Tutto questo, in nome della libertà.

Ma quale libertà?

Harari, in Sapiens, lo spiega bene: gli esseri umani si uniscono attorno a storie condivise. Dei, nazioni, aziende. Apple non è una persona, ma chi possiede un iPhone sa di appartenere a un’identità. Sa di “far parte”.

Anche la libertà è una storia. E come ogni storia, dipende da chi la racconta.

Putin parla di “demilitarizzazione dell’Ucraina”. I nordcoreani parlano di Juche — autosufficienza — per giustificare l’isolamento. E chi vuole dirti che puoi dire tutto, in realtà vuole solo che non dica qualcosa.

In questo spazio ambiguo nasce il reazionarismo: una verità che non cerca i fatti, ma una conferma. Un’identità. Un nemico.

Leggi anche: Il fascismo moderno non urla più. Ma parla.

Spinoza, nel suo Trattato Teologico-Politico, lo diceva secoli fa:

“Gli uomini combattono per la loro schiavitù come se fosse la loro liberazione.”

Anche oggi accade. Lo vediamo con Netanyahu, accusato persino da veterani come Uri Tyroler di portare avanti la guerra solo per mantenere il potere. Lo vediamo in chi si oppone al cambiamento climatico non con argomenti, ma con meme. In chi scambia il fact-checking per censura.

E allora torno alla domanda iniziale.

Cercasi storyteller con talento.

Perché serve qualcuno che racconti un’altra verità. Quella vera, che nasce dalla realtà. Dalla responsabilità. Dal dubbio, perfino.

Una verità che non nega la complessità, ma la abita.

Che non ci libera dalla realtà, ma dentro di essa.

Una voce capace di dire, come Ruskin:

“La natura non consente a una grande verità di rivelarsi a chi, prevedendo le sue conseguenze, la respinge.”

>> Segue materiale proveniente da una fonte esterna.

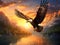 Ai Generated illustration Wildlife Concept of Eagle and fantastic sunset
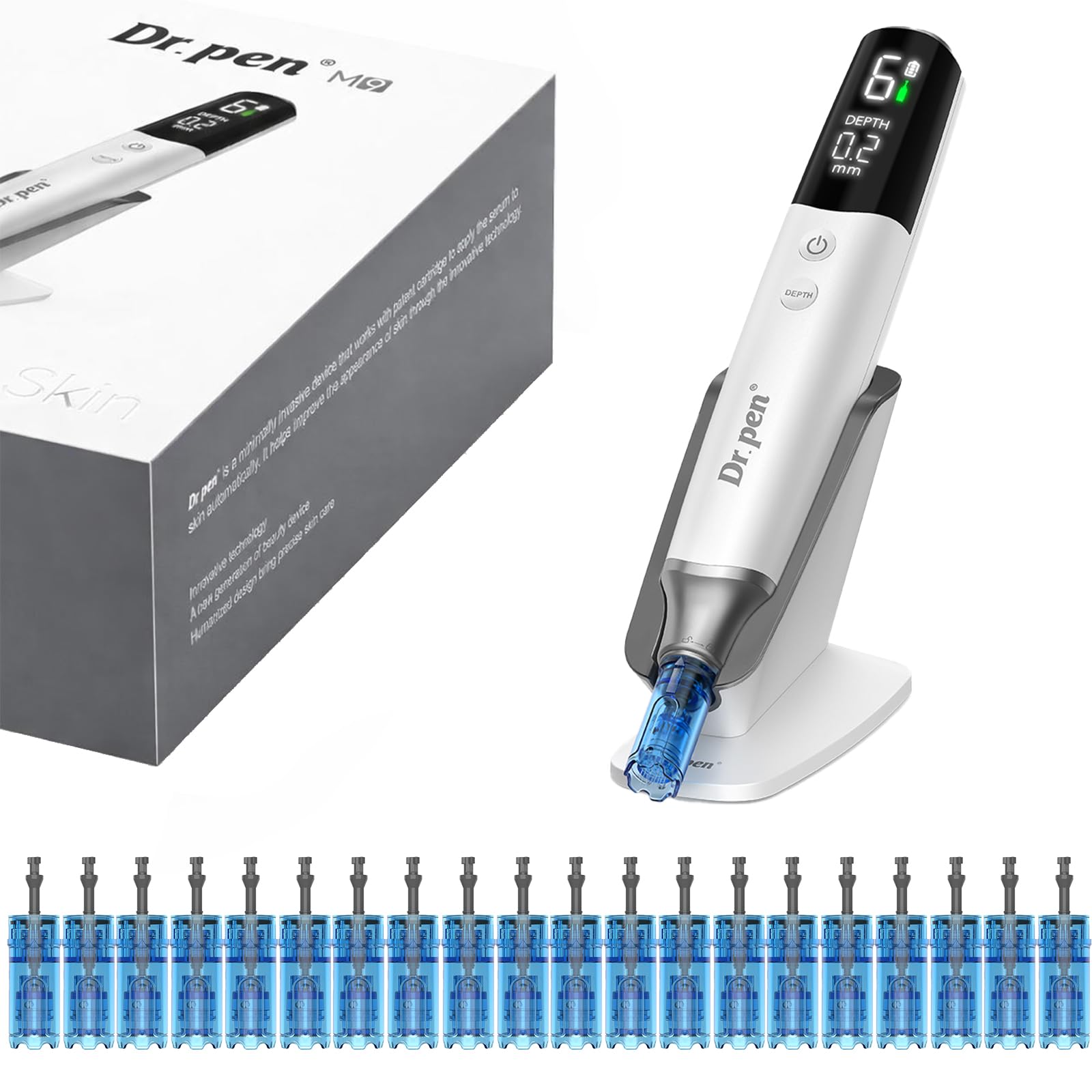 Dr. Pen M9 Penna Microneedling Wireless con 22 Cartucce, Display LED e Regolazione 0–2,5 mm, 6 Velocità, Sistema Cartridge Intelligente per Cura della Pelle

E allora chi ha visto la luce, come nel mito della caverna, deve anche tornare indietro.

Raccontare ciò che ha scoperto. Rischiando il rifiuto. Rischiando l’incomprensione.

Ma è l’unico modo.

Forse non per cambiare il mondo. Ma almeno per non smettere di cercare la verità.

E per non lasciarla nelle mani di chi, con una storia ben costruita, la farà sparire.